We hope you are very well and have had a wonderful summer.

We are awfully sorry to bother you but since moving into our new house we have discovered a few problems.

Firstly, we have no hot water or heating at all, due to the non-existence of a boiler. There is however a boiler shaped hole, where a boiler seems to have once sat and we’re pretty sure none of us misplaced it. If it turns out however that we did, then we are dreadfully, dreadfully sorry.
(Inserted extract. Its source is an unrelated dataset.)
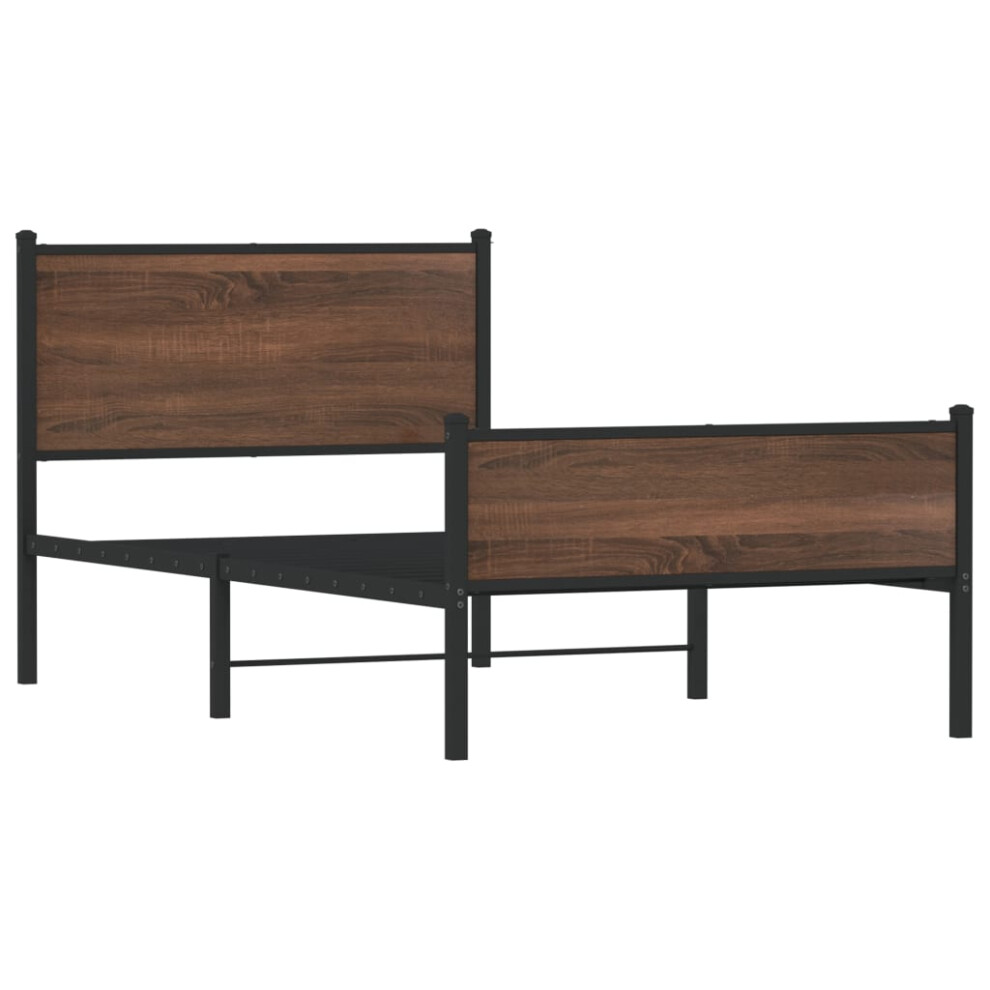 Vidaxl Metal Bed Frame With Headboard And Footboard Bed Brown Oak 107X203 Cm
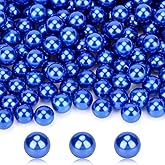 Suream 16mm/0.63in Pearl Beads for Makeup Holder, 160PCS No Hole Artificial Beads for Vase Filler, Jewelry Making, Table Scatter, Wedding Decoration, Floral Decor, DIY Craft Projects, Blue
Secondly, the oven is not working and neither are the hobs. Again if this does turn out to be our fault, then we apologise unreservedly.

Finally, the lovely surprise of a beanbag in the front room, was a very welcome one until it turned out to not be a beanbag at all but, instead, a sack of rats. If they were a present for us then we do truly appreciate the sentiment but would quite like them removed.

We hope we have not inconvenienced you in any way.

Have a most wonderful day!

Yours Faithfully,

Sweet, Innocent, Naïve Tenants

P.S We have sent you some lashings of Ginger Beer as a pre-emptive thank you.


One Week Later…

Dear Mr. Landlord,

We hope you are quite well.

Really sorry to keep bothering you like this but I’m afraid none of the issues we referred to in our last email have been addressed and they have, in fact, got worse.

The water pipes have frozen, the oven seems to be leaking large volumes of gas and the rats, which we fear are now diseased, have multiplied. Could you please take a look at these new problems?

We hope we have not inconvenienced you at all.

Have a mostly wonderful day!

Yours with slightly wavering faith,

Sweet, Innocent, Naïve Tenants


Two Months Later…

 Oi Prat!

Please send help immediately!

The cold and lack of food has slowly worn us down. Six days ago Gerry stood up and, in an admirably reserved voice, said, “I am just going outside and may be some time.” We have not heard from him since. In fact, the only heat we have felt since moving in, was when the oven exploded, taking Judy with it. And now with Jimmy contracting the Black Death, this really is the last straw!

Basically if you don’t sort everything out right now we will only have one thing to resort to; telling our parents!

Oh and Merry Christmas!

Yours with zero faith and a tiny bit of absolute pure disdain,

Cold, Hungry, Plague Ridden Tenants

P.S All of our parents are lawyers


One Day Later…

Dear Mr. Landlord,

Thank you so much for promptly fixing the oven, installing a boiler and dealing with the rat problem; your cooperation is very much appreciated.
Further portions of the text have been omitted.